If Taiwanese sacrifice their sovereignty, there are three scenarios for future cross-strait relations: a situation similar to the relations between Tibet and China following the signing of the 17-point peace agreement between Lhasa and Beijing; a situation similar to China, where people stage 180,000 protests every year and the government spends astronomical sums to maintain social order; or a situation similar to Hong Kong, with a public that gradually loses its freedoms and democratic rights. And since China holds Hong Kong up as a model for Taiwan, it is easy to see what will happen to Taiwan after it gives up its sovereignty by looking at Beijing’s “one country, two systems” formula and the values that are eroding in Hong Kong.

By exchanging sovereignty for peace, Taiwanese will only have transformed a lack of peace across the Taiwan Strait into a lack of peace between Taiwanese and their new rulers. If Taipei stakes its sovereignty on negotiations, it is bound to lose, and will lose everything.

Ma says a peace agreement will make peace systemic. However, peace agreements often fail to systematize peace. The Double Tenth Agreement of 1945 that brought in an armistice between the KMT and the CCP, the peace agreement between China and Tibet in 1951 and the 2005 peace agreement between Sudan and the south’s Sudan People’s Liberation Movement all failed to end war. The South Sudan issue was in the end resolved by a referendum rather than a peace agreement.

Neither the Double Tenth Agreement nor the Sudanese peace agreement managed to guarantee peace despite intervention by the US and the UN. That Beijing is calling for a cross-strait peace agreement rather than a treaty makes it very clear that China intends to exclude all international involvement. And given Ma’s policy of placing cross-strait relations above foreign diplomacy, he would not dare call for international intervention. As a result, Taiwan will be dominated by Beijing because the “one China” principle dictates that cross-strait relations are strictly a domestic Chinese issue.

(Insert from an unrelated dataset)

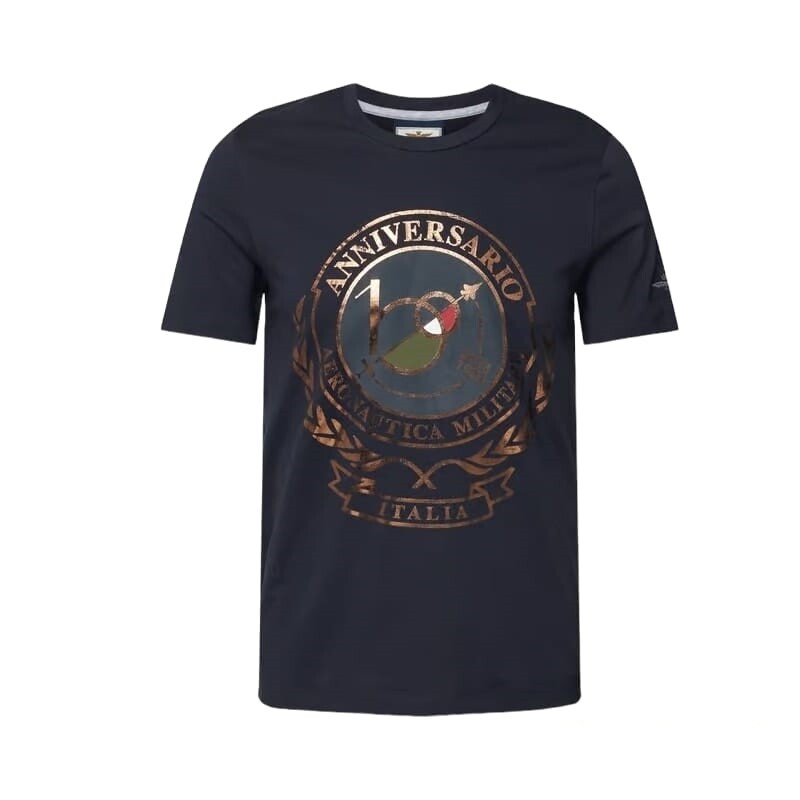 Мужская футболка Aeronautica Militare TS2118 Anniversary 100 Ages темно-синяя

Peace agreements can, of course, yield positive results, as in the Basic Treaty of 1972 between East and West Germany and the 1953 Korean Armistice Agreement between Pyongyang and Seoul. However, neither the two-Germany nor the two-Korea model suits the “one China” principle of the KMT and CCP.

It is impossible to imagine that Ma would not know the differences between the German, Sudanese and Tibetan models. Since he believes a peace agreement is worth pursuing, he should tell the public which model he wants. Such a significant matter must not be muddled out of electoral concerns.

Lin Cho-shui is a former legislator for the Democratic Progressive Party.